The task
Using the records below, write out only the lines from the line containing "ボンドボディ bondbody MAYBACH S680 PULLMAN" up to and including the line containing "リムジン 板金修理 板金塗装 ラッピング", exactly, with no pictures.

Records
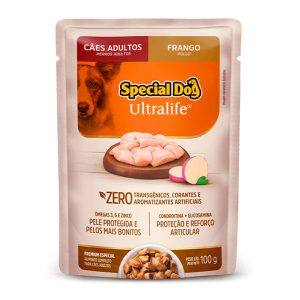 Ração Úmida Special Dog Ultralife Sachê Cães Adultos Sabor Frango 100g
...
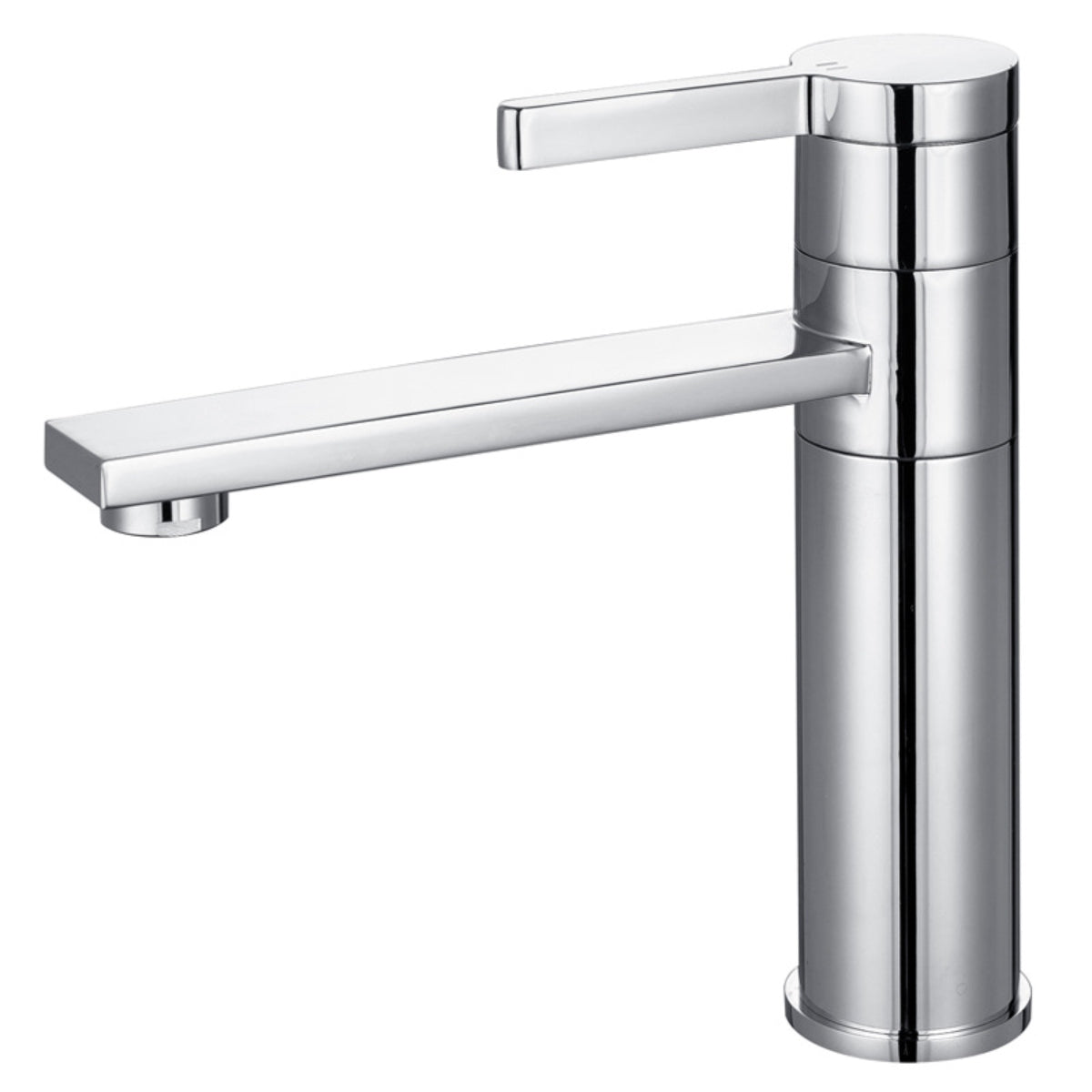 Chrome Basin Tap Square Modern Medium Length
...
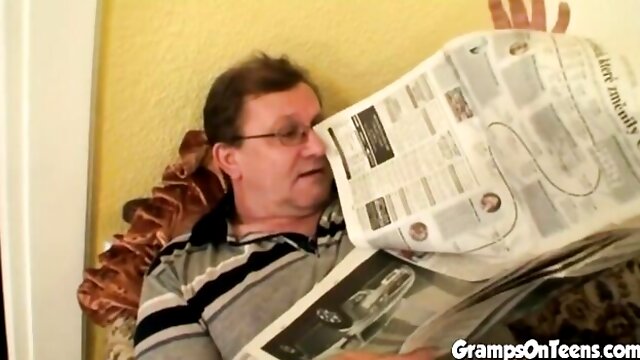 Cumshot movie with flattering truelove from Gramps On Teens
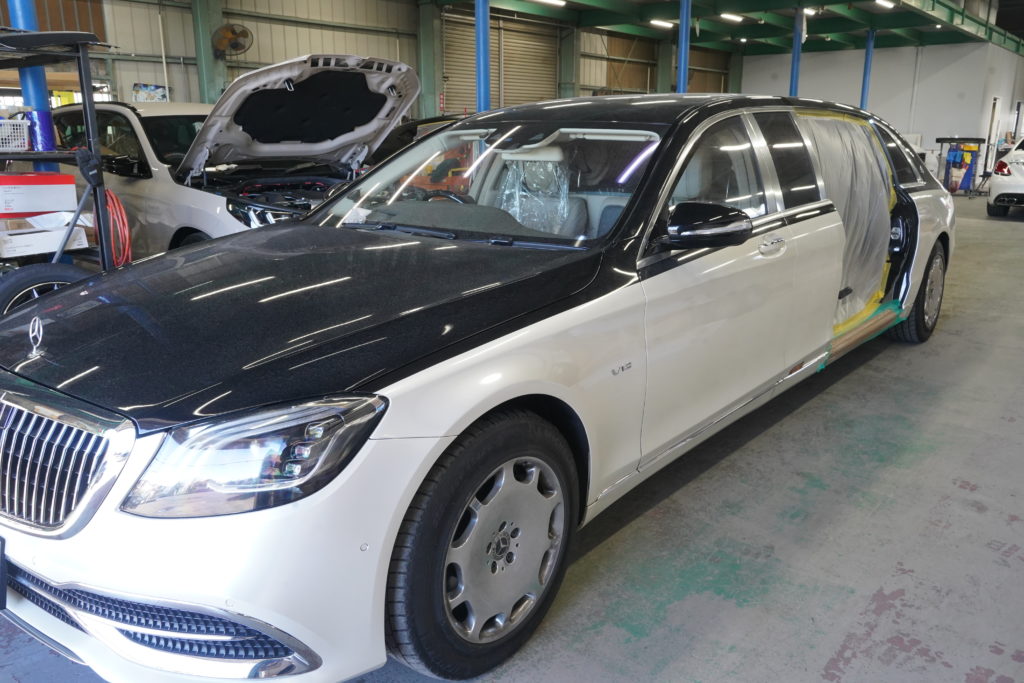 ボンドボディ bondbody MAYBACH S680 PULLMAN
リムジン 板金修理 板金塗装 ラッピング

The completed task
 ボンドボディ bondbody MAYBACH S680 PULLMAN
リムジン 板金修理 板金塗装 ラッピング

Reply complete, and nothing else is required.